Astrid, Baj, and the other officers watched anxiously as the ropes retracted like hissing black asps. The frightcopter remained rigidly in place, about forty feet up, its solar-electric engines thrumming in near-silence. Looking over his shoulder, St. Cuthbert leaned over the edge of the lion enclosure, peering down into the moat.

“Move back from there, Cuthbert,” said the doctor. “Please, Cuddy.”
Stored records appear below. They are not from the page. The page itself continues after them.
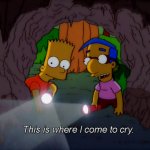 Bart-Milhouse Cave Cry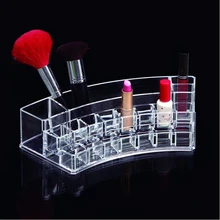 Новые аксессуары для татуировки прозрачная акриловая косметичка Органайзер-ящик для хранения макияжа хранилище ювелирных изделий коробка micrblading аксессуары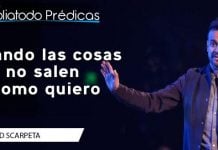 Cuando las cosas no salen como quiero - David Scarpeta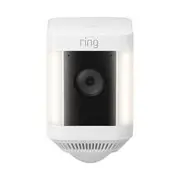 Ring Spotlight Cam Plus Battery White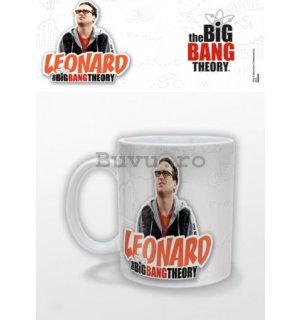 Cană - The Big Bang Theory (Leonard)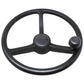 STEERING WHEEL W/ SPINNER KNOB Fits JCB 3C 3CX ECO-MASTER 3D 3DX 407 409 410 411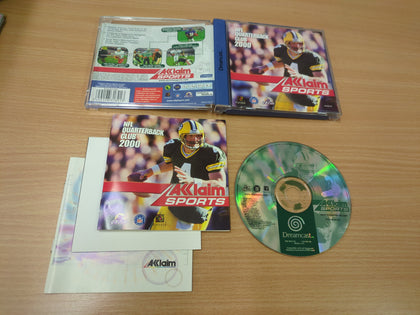 NFL Quarterback Club 2000 Sega Dreamcast game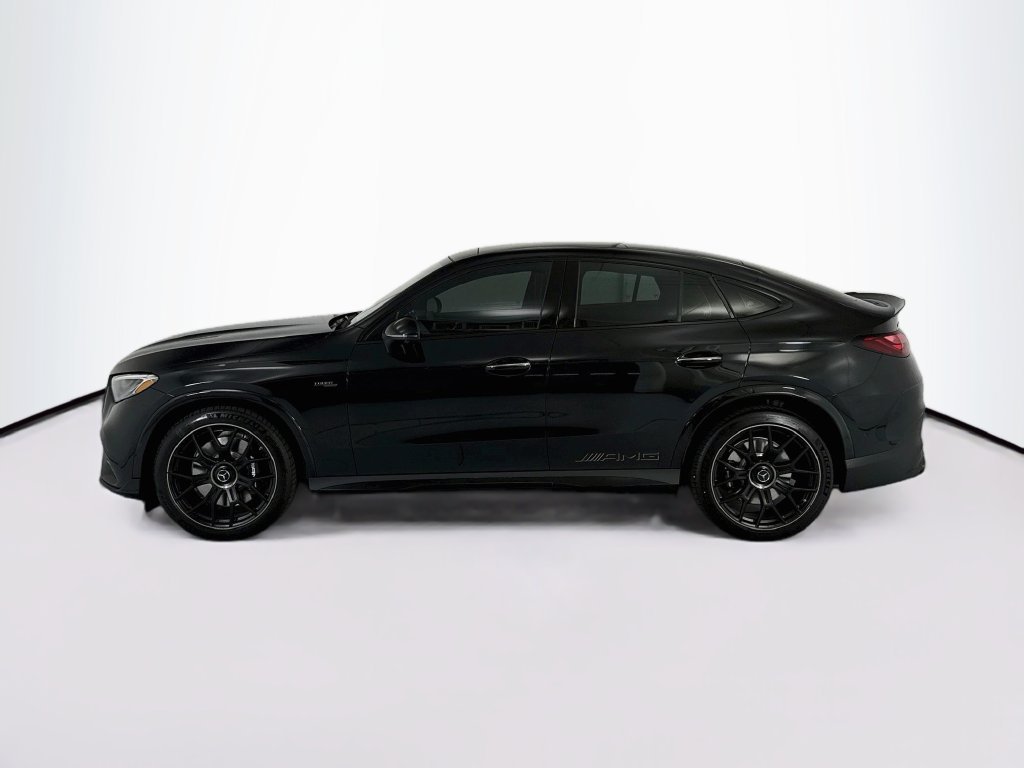New 2027 Obsidian Black Metallic Mercedes-Benz GLC 53 AMG® image 8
The Watchmen—there were three of them—extended their extra-long golden neuralpikes. One of them cracked open a black nerve-bar instant prison at their landing site. The other two Watchmen began to stomp toward Astrid and Baj, their pair of pikes jutting ahead of them, the tips charging with red glows. The pair together were a single massive satanic head, swaying forward and back with ox-like unstoppability. They seemed to know exactly what—or who—they wanted—and only Astrid and a GP with lung cancer stood between them and their quarry.

“Cuthbert, run,” said Astrid. “Get out of here.”

“I won’t,” he said, smiling sadly. “I can’t.”

These were no ordinary Watchmen, Astrid fearfully realized. Suicide cultists and street-rousing republicans were generally left to the regular Watch. These Watchmen belonged to a special new unit, the Scots Coldstream Aristocratic Regiment, or SCARE. They were deployed for high-level political or strategic-level hits when Harry9 wanted to make a special, showy example. They wore the red and gold House of Windsor mantles of the regular Watch as well as the glossy scarlet body armor associated with the king’s own Yeoman Protection Command. SCARE’s distinctive, bulbous mantis-eyed helms hid their faces.